Yesterday, Dan Heller posted an interesting article called Creative Commons and Photography in which he decries the Creative Commons not only as an ineffective and misguided licensing structure for photographers, but as a detriment to its own ends when used by them. I truly believe that he couldn’t be further from the truth, but because his article was so specific I would be doing everyone a disservice to leave my reaction as a mere sound bite.

After the jump, more of Dan’s rantings followed by more of my rantings, hopefully to end with a meaningful conclusion… But no promises.

Dan Heller is a prolific stock and travel photographer and a somewhat prolific writer as well. His experiences with the Creative Commons began in the software and technology arena, but his latest article is very much aimed at the stock photography business world. Although it gets off to a good start and presents valid and convincing arguments from a business perspective, it soon begins to lose its footing and creep down a slippery slope into generalities. It is there that I have the most to say, so I will preface this essay with the concession that the Creative Commons licensing structure may very well be eroding the business of selling photographs, even though I think Dan’s reaction is somewhat alarmist even in that regard.

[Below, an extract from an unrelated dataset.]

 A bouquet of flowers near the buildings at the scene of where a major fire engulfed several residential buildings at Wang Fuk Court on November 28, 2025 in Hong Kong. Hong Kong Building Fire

Before I begin to wax philosophical, let me examine the first concrete example Dan provides of the Creative Commons doing harm to photographers and their customers. He describes a hypothetical situation in which a photograph is misappropriated from a private photographer who has withheld use rights (“all rights reserved”). A thief (described in this case as a “12-year-old”) removes any watermarks or copyright notices and places the image on Flickr or another photo sharing site under a Creative Commons license. A business with a need for such a photo simply uses it, conforming to the rules of use set out in the Creative Commons license under which it was (illegally) published.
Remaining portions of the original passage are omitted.